When Thomas calls Luc on his cell phone to tell him that he is suffering from a potentially fatal blood disorder, Luc goes to the hospital to be with him, cutting off his relationship with his lover Vincent (Sylvain Jacques). Luc, at first resentful, tells his brother that the only reason he is there is because he was asked and his feelings of betrayal are evident. Neither their father (Fred Ulysse) nor their mother (Antoinette Moya) offer any comfort, only exacerbating the situation by telling Luc that they wish it would have been him instead of Thomas. Thomas' girlfriend Claire (Nathalie Boutefeu) is also of little help, feeling powerless to offer Thomas much assistance.
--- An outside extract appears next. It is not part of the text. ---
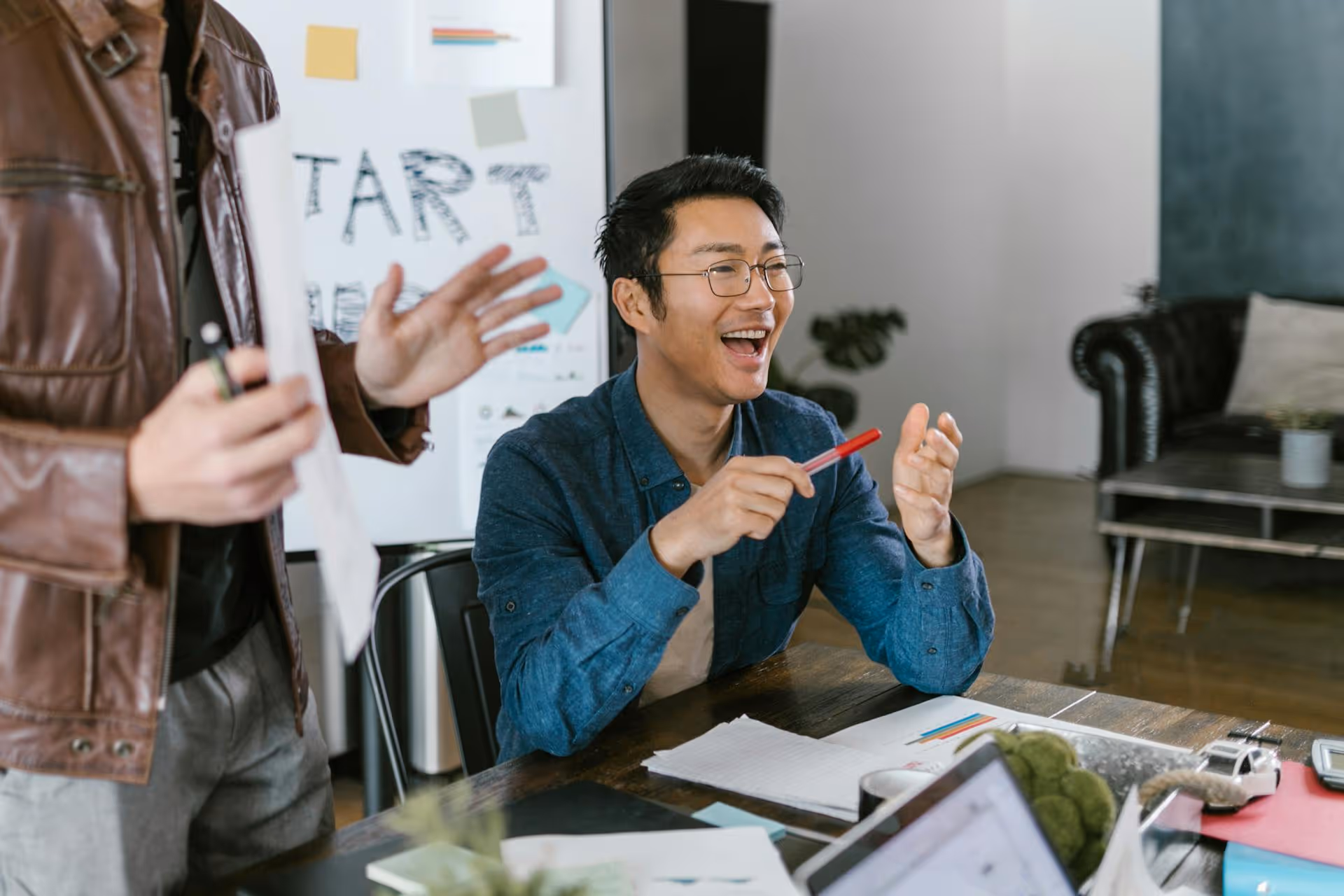 Man in glasses laughing and holding a pen sitting at a table during a meeting or brainstorming session.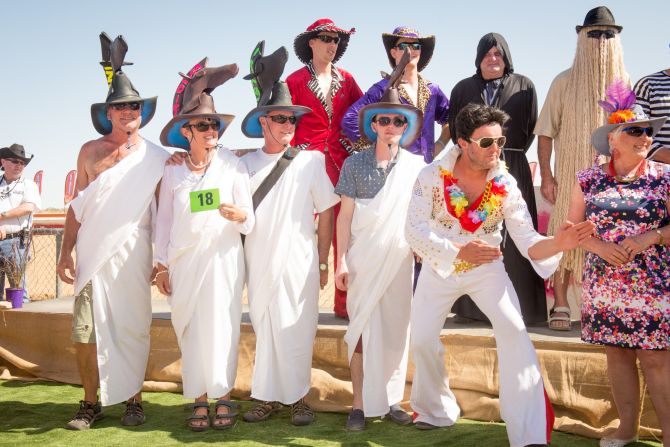 It's not something you'd see at Royal Enclosure at Ascot but Birdsville is a place where Elvis impersonators and men in black trilby hats can really let their hair down.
Thomas' platelet count continues to drop and, as the possibility of a fatal hemorrhage increases, the doctors decide to remove his spleen but it does not produce the desired result. The film shifts between scenes at the hospital and ones at Luc's house near the seaside, cutting backwards and forwards in time. Despite inter-titles that identify the month in which the sequence is taking place, however, the chronology is confusing. As the illness progresses and the toll of hospital corridors, waiting rooms, and invasive procedures multiply, fatigue and inevitability sets in as the brothers struggle to reawaken some of their previous intimacy.
Luc shares a touching anecdote from their childhood about how Thomas saved him from school bullies and when his brother seems ready to give up, Luc rubs his back searching for some meaningful way of connecting. When they finally proclaim their love for one another, however, the cycle of resignation and despair has already gone too far to be reversed and Luc seems to passively accept its inevitability. In one of the film's most affecting scenes, we watch the excruciatingly slow and painstaking removal of all Thomas' body hair with an electric shaver in preparation for his operation by cheery, smiling technicians.
Another moving scene, perhaps the most emotional in the entire film, is the casual meeting between Luc and a 19-year old patient (Robinson Stevenin) in the hospital hallway. The patient is distraught about the possibility of another major surgery and Luc instinctively reaches out to embrace him. On the whole, however Son Frére is not an overtly emotional experience. To its credit, it studiously avoids displays of sentiment or peak dramatic moments but its affect can be flat and distancing. We long for a breakthrough or some catharsis that will bring release from all the bleakness, but Chereau does not offer any and Son Frére leaves us only with a feeling of sadness and a sober reflection on any damaged relationships of our own.